S. Rapoport occupies a foundational position in the development of conceptual and new media art. She reshaped the field through her innovative use of materials, working methods, and new epistemological models. In the mid-1970s, she definitively moved away from the language of modernist abstraction and embraced conceptual and process-driven practices that playfully questioned the authority of science and the modes through which subjective experience is represented. Through a wide range of media—including painting, drawing, performance, and installation—she offered feminist critiques that often exposed the rigidity and parodied scientific conventions. At the same time, her practice reflected a sustained curiosity about expert knowledge, leading her to collaborate closely with both scientists and humanists. Positioned between feminist analysis and information aesthetics, her work proposed new artistic models in which data became a medium to articulate human experiences.
S. Rapoport’s turn toward computer-based art was catalyzed in 1976 by her discovery of discarded continuous-feed computer printouts at UC Berkeley’s mathematics department. What initially appeared as bureaucratic remnants—marked by repetitive patterns and coded symbols—quickly became central to her artistic thinking and material practice. Rather than viewing the data as mere byproducts of computation, she approached them as a visual and symbolic framework, manipulating the sheets through drawing, stitching, and collage to produce intricate works, now known as her Computer Printout Drawings.
By the late 1970s and early 1980s, S. Rapoport had moved from aesthetic engagement with machine-generated forms to artworks directly shaped through computational processes. She was intrigued by how computers could quantify and turn qualitative information into measurable data. She took a programming course, explored software as a creative tool, and produced data-driven projects such as Objects on My Dresser (1979–83), which translated autobiographical inventories into computer-generated Netweb plots that visualized associative structures.

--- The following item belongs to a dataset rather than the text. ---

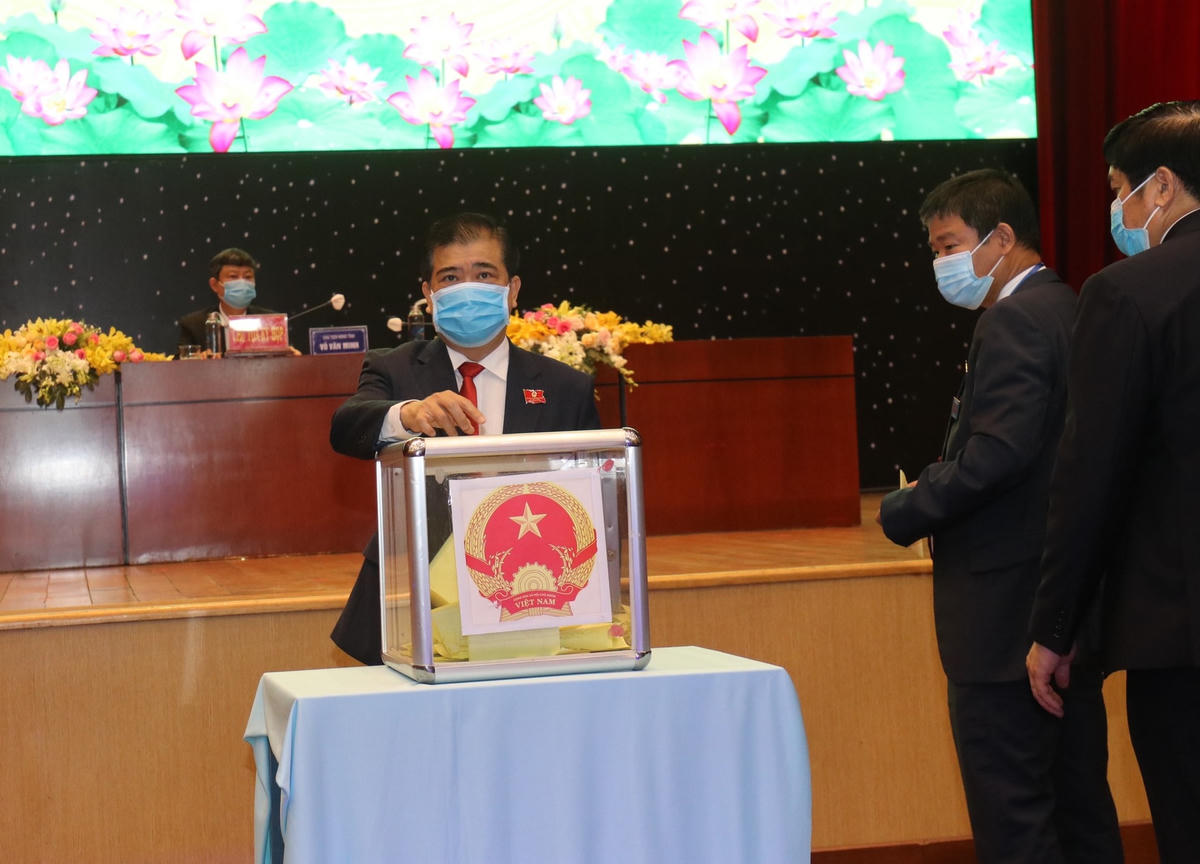 Các đại biểu tại kỳ họp thứ nhất, nhiệm kỳ 2021-2026 HĐND tỉnh bầu các chức danh chủ chốt trong tỉnh.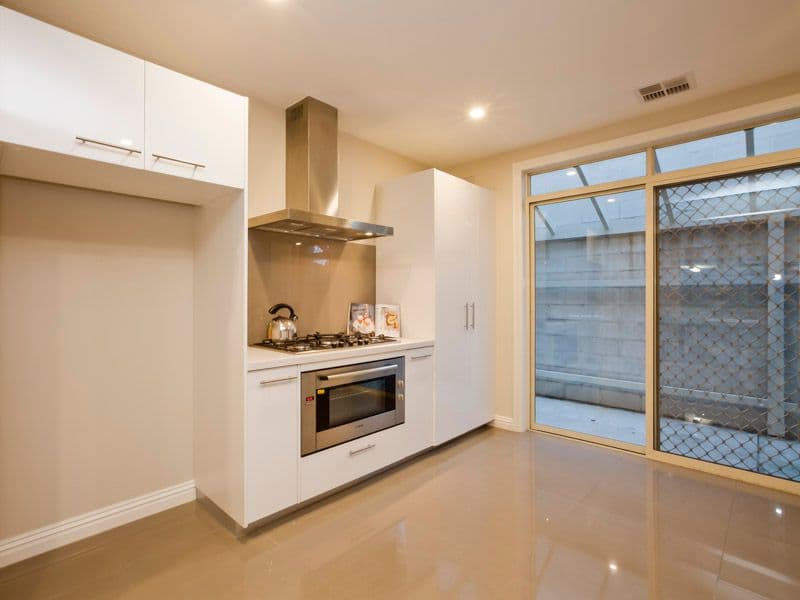 10 Goulburn Street, CHELTENHAM VIC 3192, Cheltenham - Thumbnail 4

Her innovations in interactive art and what she termed “participation performances” were equally influential. In Objects on My Dresser, Phase 3: Shared Dynamics (1981), participants arranged symbolic cards whose configurations were subsequently analyzed by computer. The Biorhythm series (1980–84), including The Computer Says I Feel… (1984), further linked audience self-assessments with biofeedback systems to produce visualizations of emotional states, anticipating contemporary interest in quantified-self practices.
From the late 1980s onward, S. Rapoport became an early practitioner of web-based art, producing interactive HTML works, HyperCard stacks, and multimedia web projects that combined scientific imagery, personal archives, and global cultural references. She also took on an active leadership position within the MIT Press’s leading international journal Leonardo, which bridged contemporary science and technology to the arts and music.
A biography produced as part of the programme “Living with two brains: Women in New Media Art, 1960s-1990s”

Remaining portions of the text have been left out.